** Opening INFORMATION block **

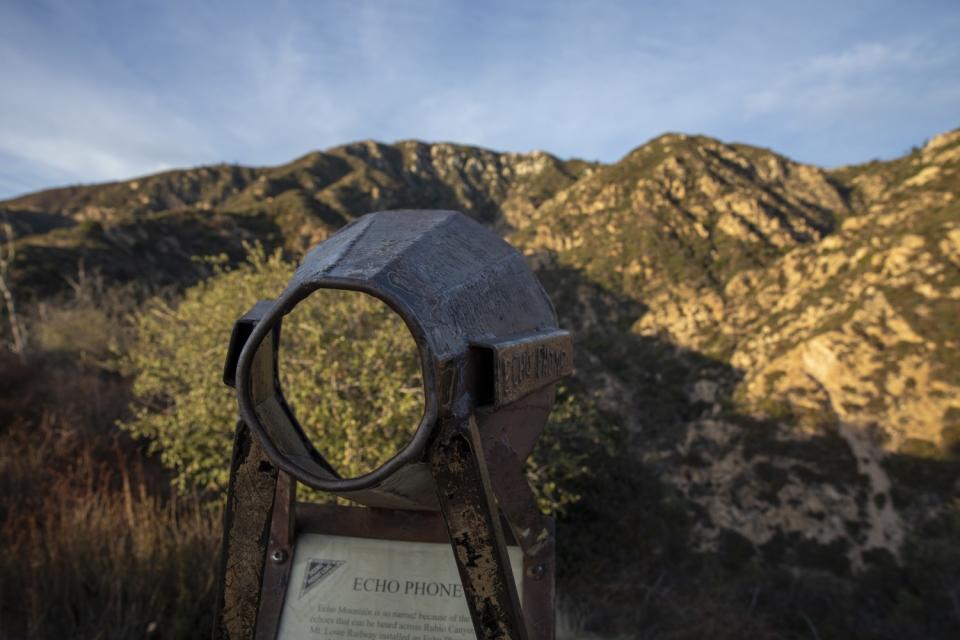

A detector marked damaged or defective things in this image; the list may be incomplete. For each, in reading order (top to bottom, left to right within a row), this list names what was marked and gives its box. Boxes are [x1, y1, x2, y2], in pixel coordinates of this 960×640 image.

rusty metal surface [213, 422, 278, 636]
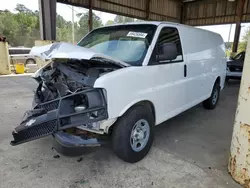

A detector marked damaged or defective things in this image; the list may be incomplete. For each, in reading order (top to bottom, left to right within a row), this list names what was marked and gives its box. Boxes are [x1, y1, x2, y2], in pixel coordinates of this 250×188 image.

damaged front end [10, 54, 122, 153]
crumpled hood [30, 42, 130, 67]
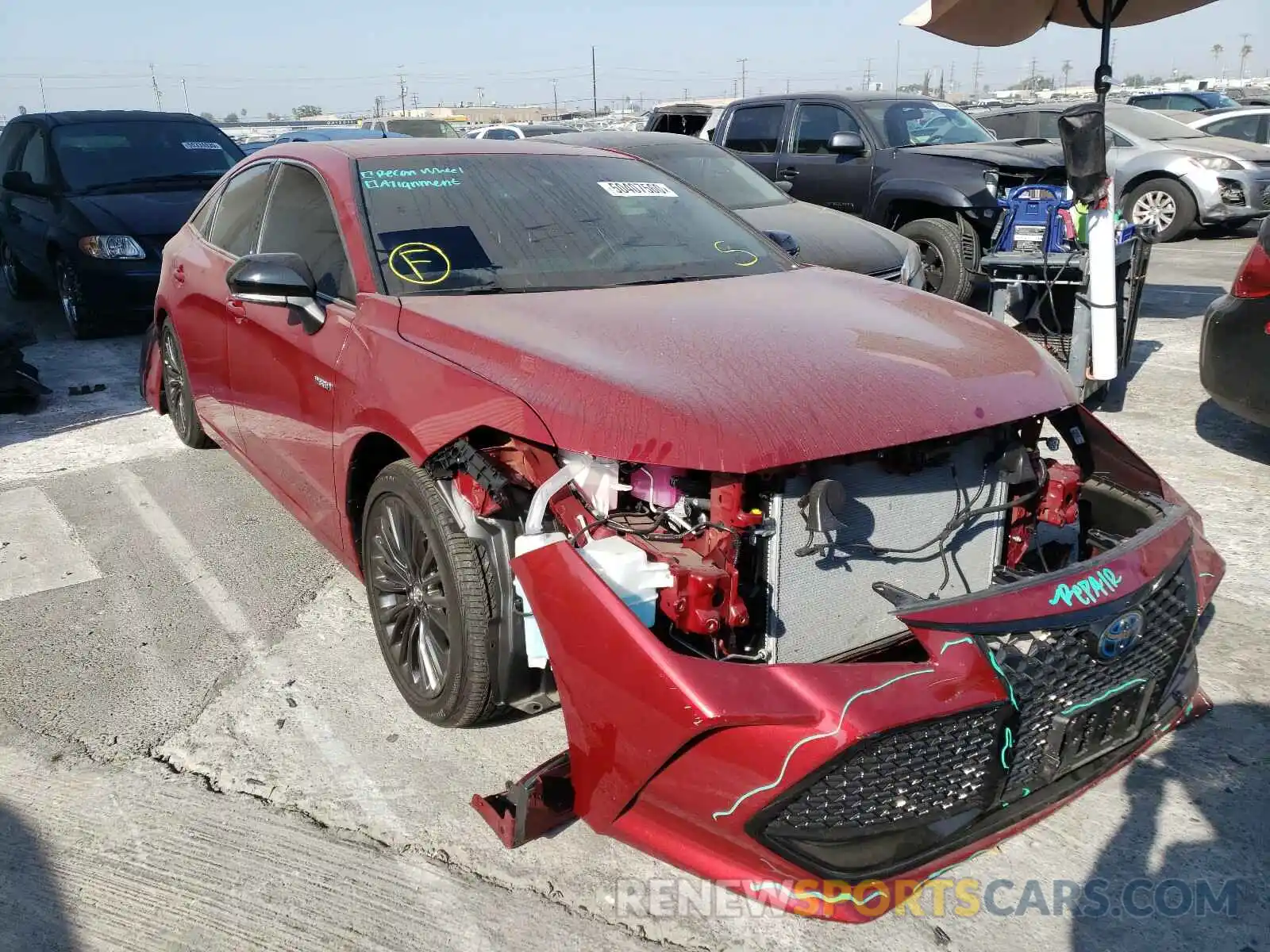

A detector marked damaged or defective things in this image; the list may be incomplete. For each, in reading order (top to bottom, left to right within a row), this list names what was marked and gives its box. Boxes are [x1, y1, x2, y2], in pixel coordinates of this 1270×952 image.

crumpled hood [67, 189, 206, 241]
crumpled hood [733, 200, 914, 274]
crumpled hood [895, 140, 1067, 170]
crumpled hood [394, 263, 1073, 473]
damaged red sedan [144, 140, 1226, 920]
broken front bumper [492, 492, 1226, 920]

** Closing INFORMATION block **

> _WHAT YOU HAVE TO DO_: Only the lines from the one containing "this 1270×952 image." through the last line of the material should be returned, each one exactly as written.

> _EXERCISE ANSWER_:
A detector marked damaged or defective things in this image; the list may be incomplete. For each, in reading order (top to bottom, left to right within a row), this list names what was marked and gives its box. Boxes are [x1, y1, x2, y2], in pixel coordinates of this 1270×952 image.

crumpled hood [67, 189, 206, 241]
crumpled hood [733, 200, 914, 274]
crumpled hood [895, 140, 1067, 170]
crumpled hood [394, 263, 1073, 473]
damaged red sedan [144, 140, 1226, 920]
broken front bumper [492, 492, 1226, 920]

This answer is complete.